━━━━━ Data extract
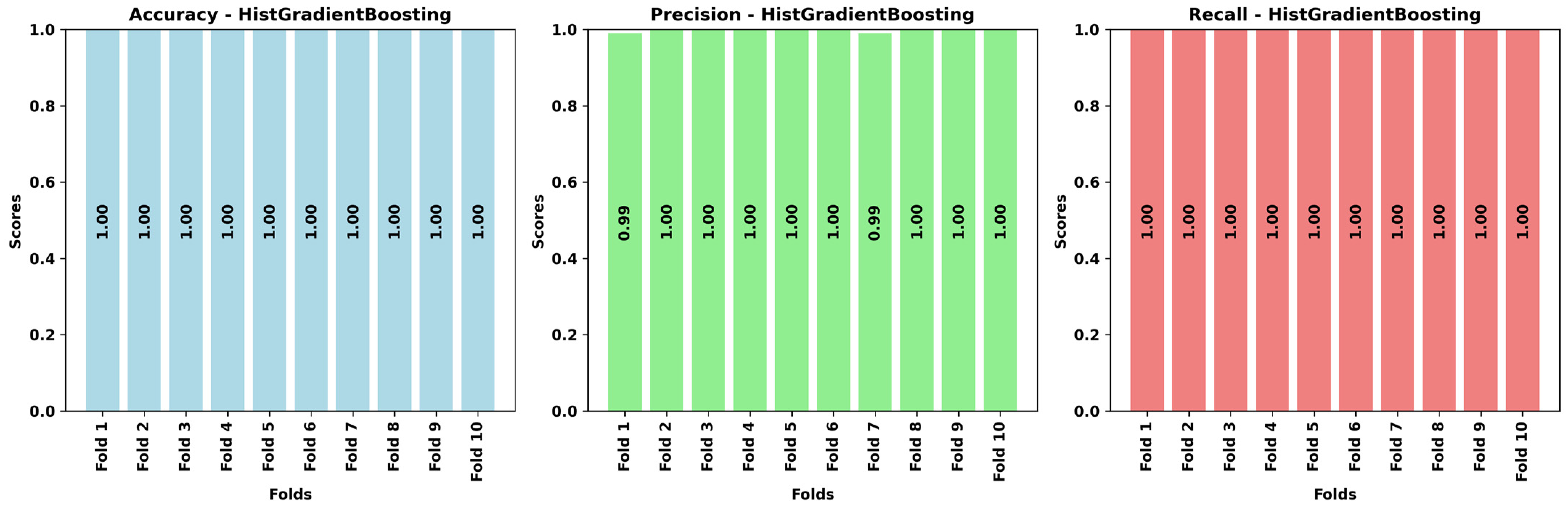 Mathematics 12 03909 g012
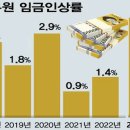 혈액암 투병 팔백아흔네(894) 번째 날 편지, 4 (이슈-issue, 정치) - 2023년 2월 17일 금요일 이미지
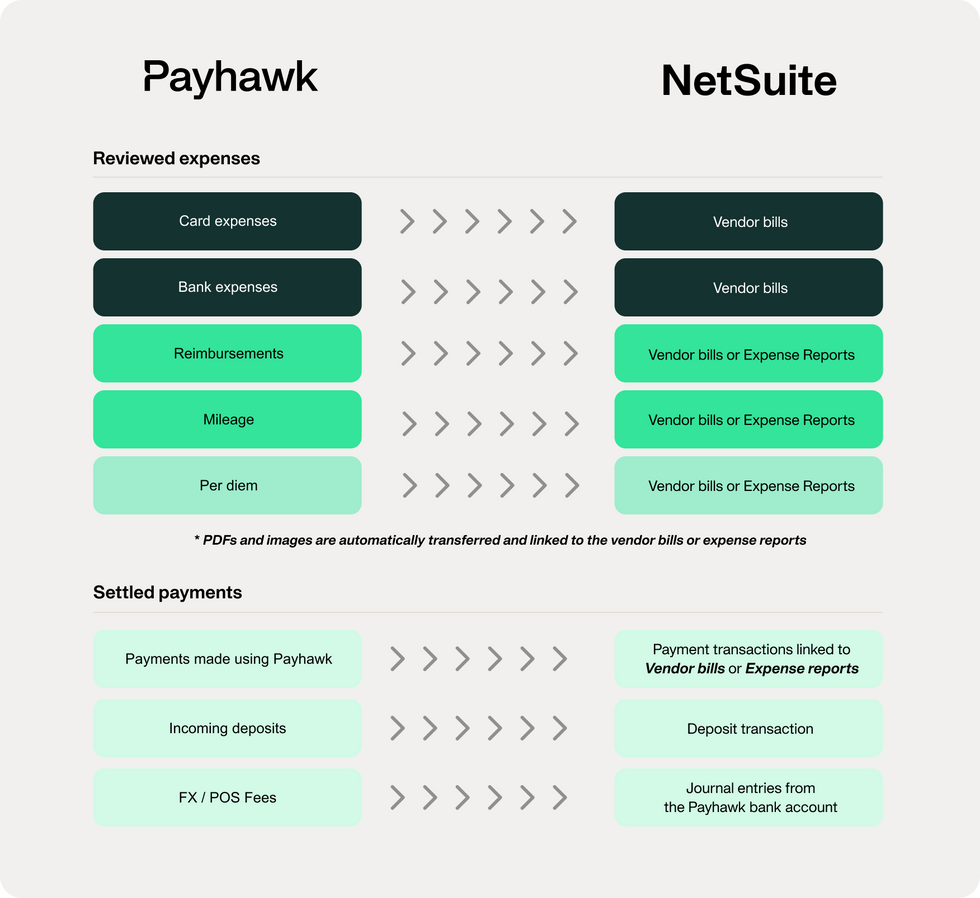 Een illustratie van hoe de directe integratie van Payhawk met NetSuite naadloze export van onkosten mogelijk maakt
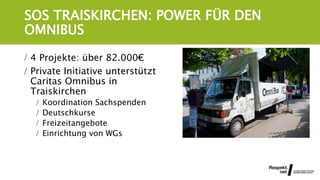SOS TRAISKIRCHEN: POWER FÜR DEN
OMNIBUS
 4 Projekte: über 82.000€
 Private Initiative unterstützt
Caritas Omnibus in
Traiskirchen
 Koordination Sachspenden
 Deutschkurse
 Freizeitangebote
 Einrichtung von WGs
 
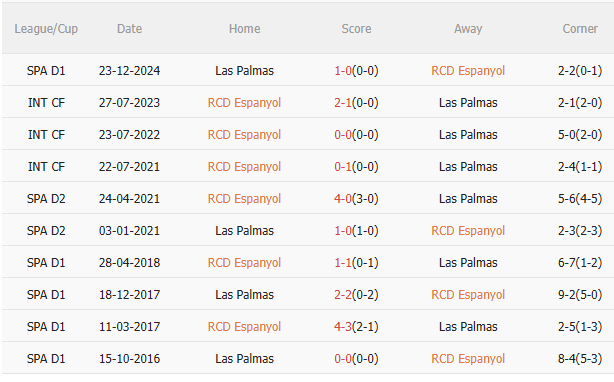 Nhận định Espanyol vs Las Palmas (23h30 ngày 245) Mệnh lệnh phải thắng 5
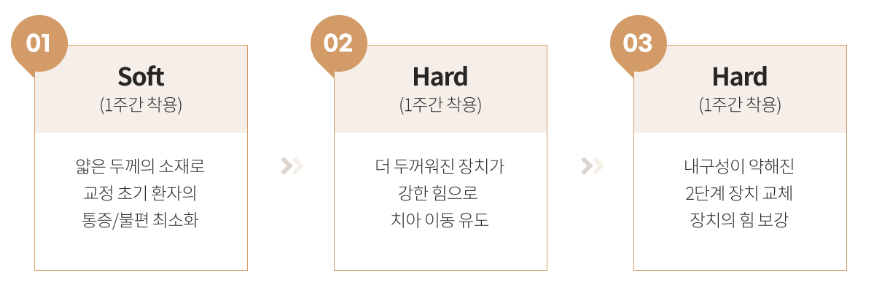 투명교정장치 다시 알아보기 (5) 디디하임 관련 이미지 4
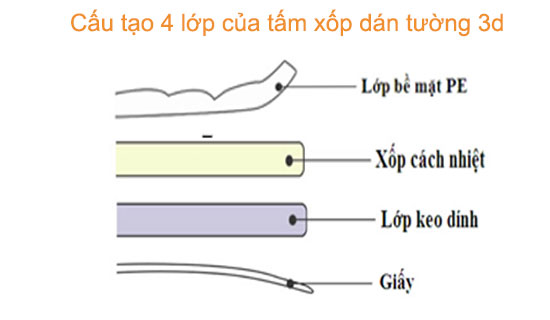 Cau tao chi tiet cua xop dan tuong 3d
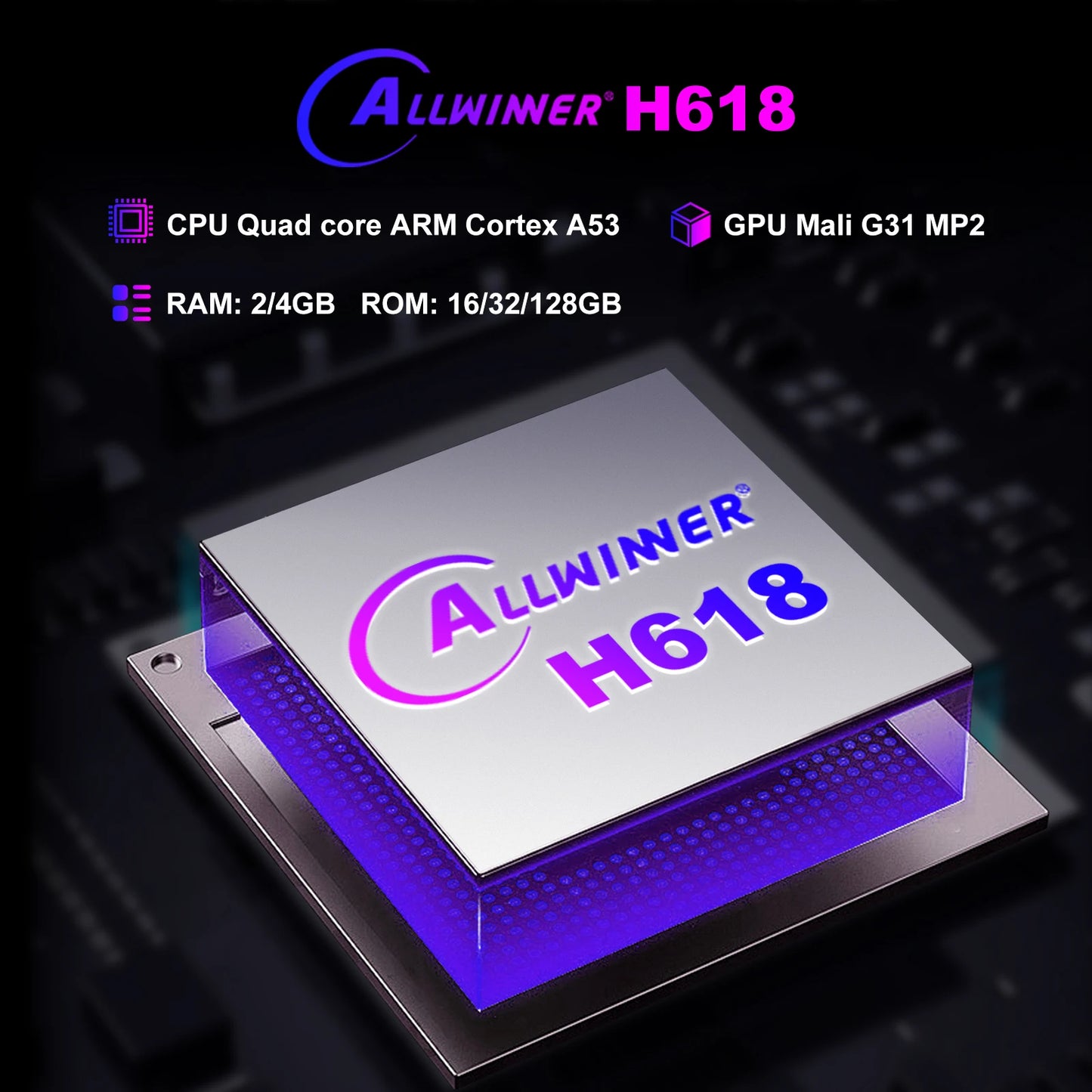 Smart TV Box H96 MAX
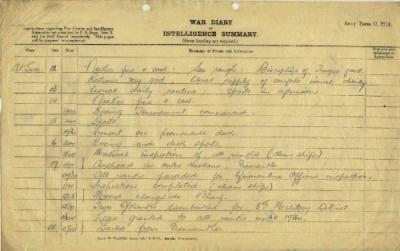12th Australian Light Horse Regiment War Diary, 12 August - 18 August  1919 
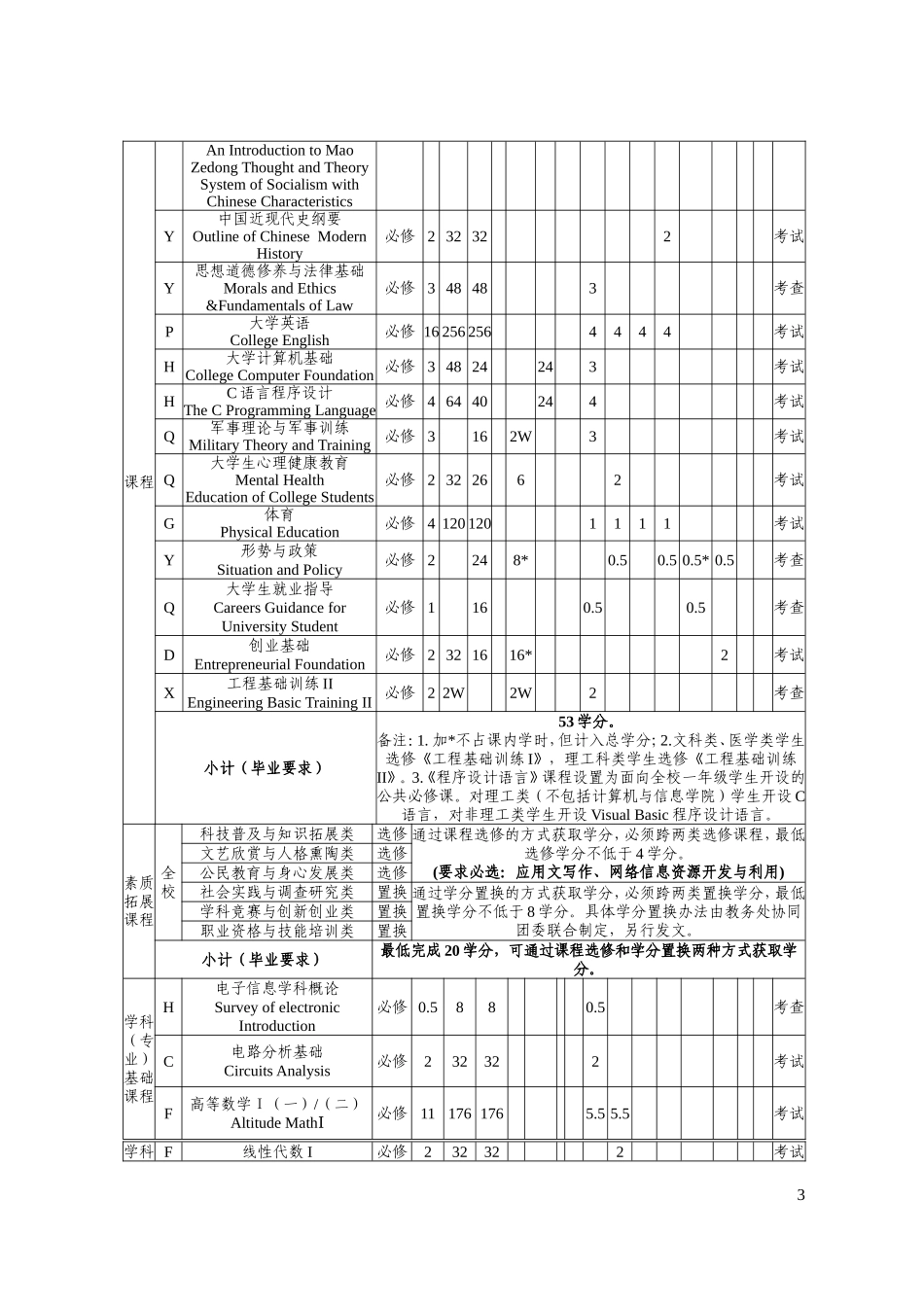 电子信息工程专业人才培养方案_第3页
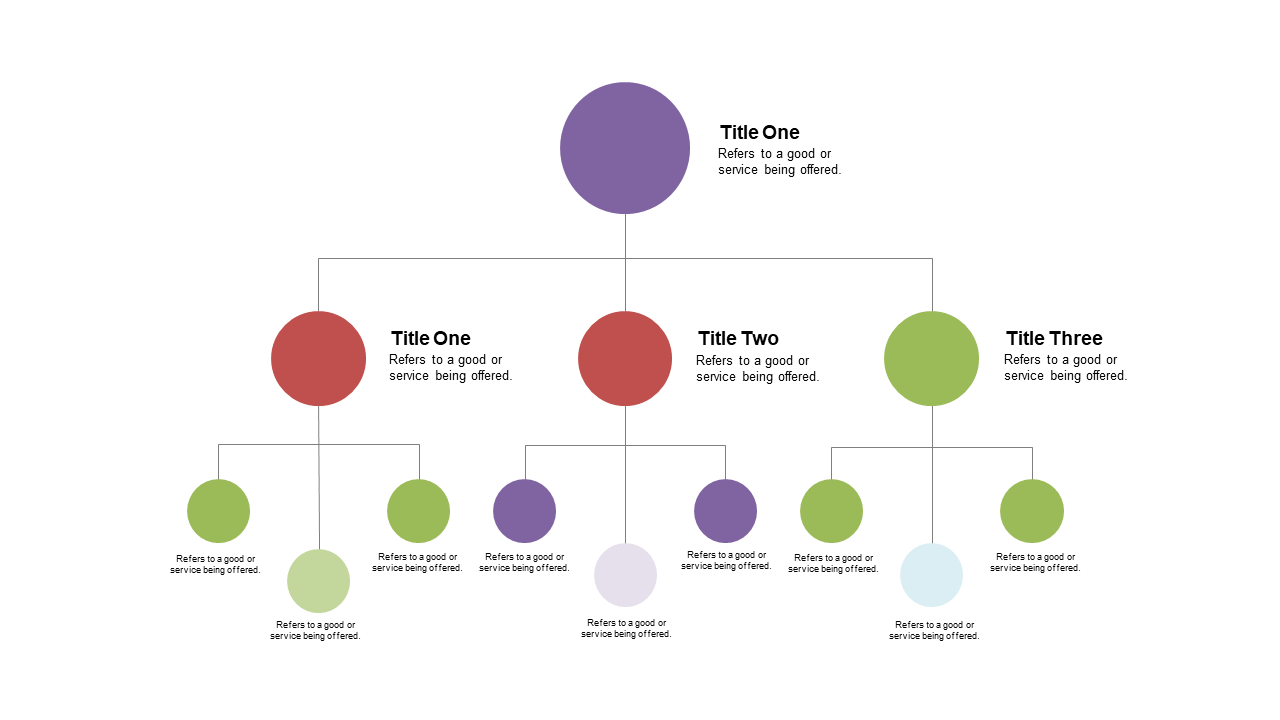 Communicate Team Dynamics with Circle Org Chart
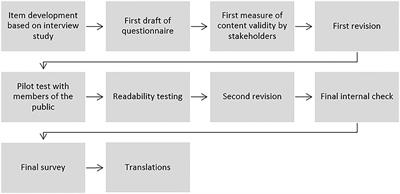 The Global Brain Health Survey: Development of a Multi-Language Survey of Public Views on Brain Health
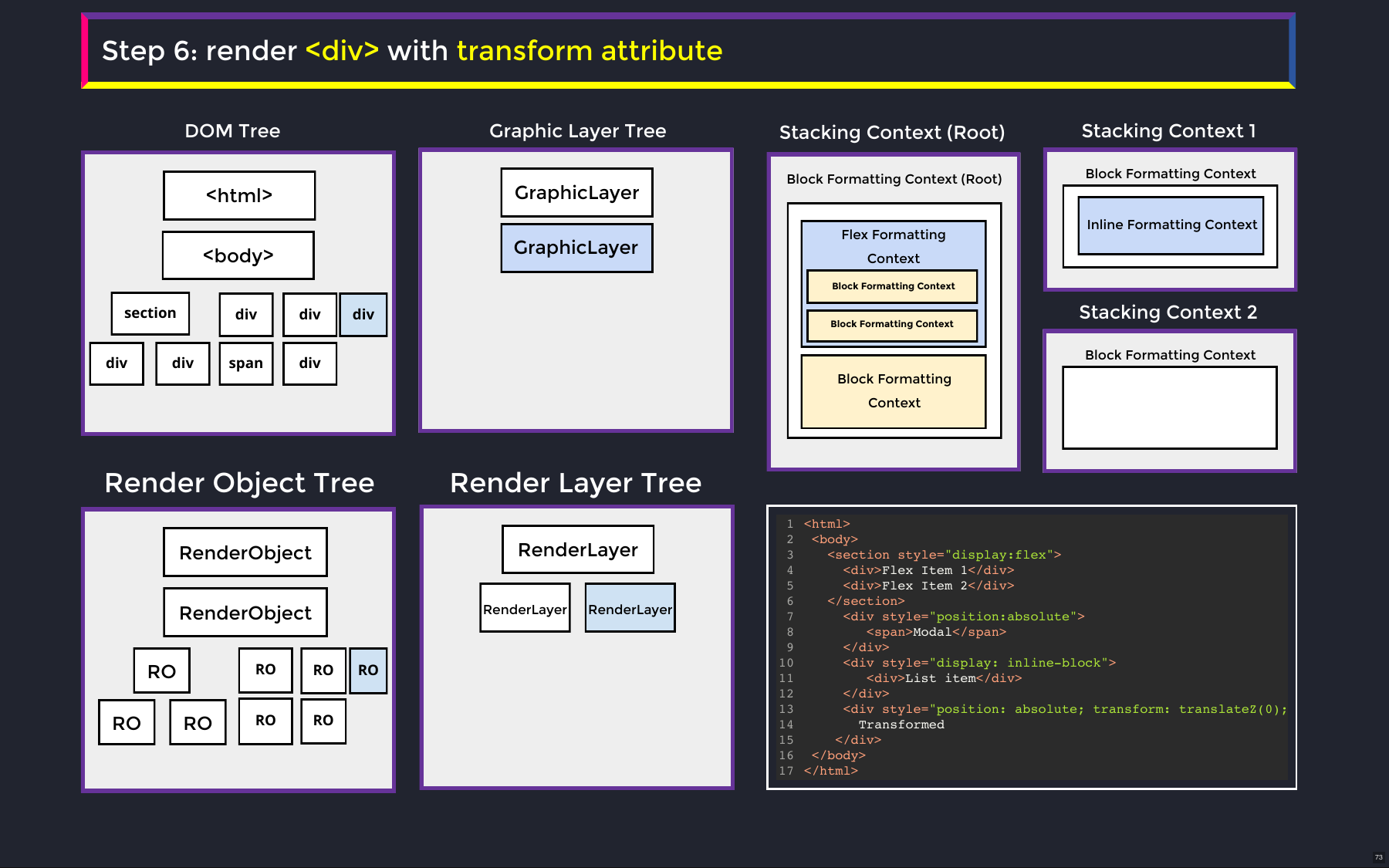 Step 6: render div with transform attribute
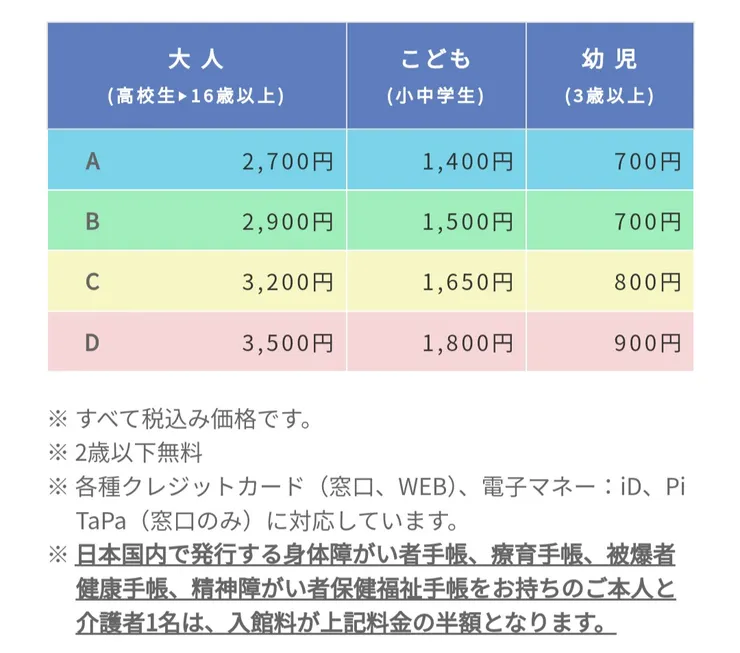 海遊館票價（點按可查看官網）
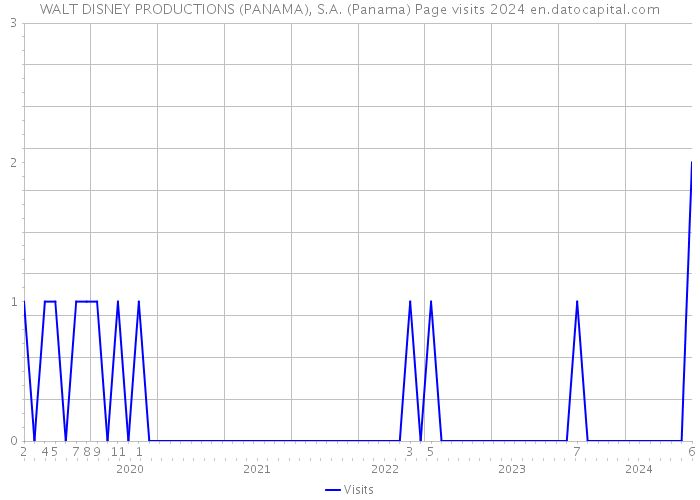 WALT DISNEY PRODUCTIONS (PANAMA), S.A. (Panama) Page visits 2024 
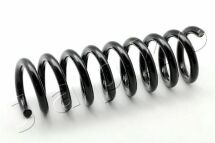 Ресора ходової частини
━━━━━━━━━━
| The task |
Once the line containing "Een illustratie van" is found, transcribe it and the rest of the lines to the end of the listing above exactly, omitting all pictures.

| Solved problem |
 Een illustratie van hoe de directe integratie van Payhawk met NetSuite naadloze export van onkosten mogelijk maakt
SOS TRAISKIRCHEN: POWER FÜR DEN
OMNIBUS
 4 Projekte: über 82.000€
 Private Initiative unterstützt
Caritas Omnibus in
Traiskirchen
 Koordination Sachspenden
 Deutschkurse
 Freizeitangebote
 Einrichtung von WGs
 
 Nhận định Espanyol vs Las Palmas (23h30 ngày 245) Mệnh lệnh phải thắng 5
 투명교정장치 다시 알아보기 (5) 디디하임 관련 이미지 4
 Cau tao chi tiet cua xop dan tuong 3d
 Smart TV Box H96 MAX
12th Australian Light Horse Regiment War Diary, 12 August - 18 August  1919 
 电子信息工程专业人才培养方案_第3页
 Communicate Team Dynamics with Circle Org Chart
 The Global Brain Health Survey: Development of a Multi-Language Survey of Public Views on Brain Health
 Step 6: render div with transform attribute
 海遊館票價（點按可查看官網）
 WALT DISNEY PRODUCTIONS (PANAMA), S.A. (Panama) Page visits 2024 
 Ресора ходової частини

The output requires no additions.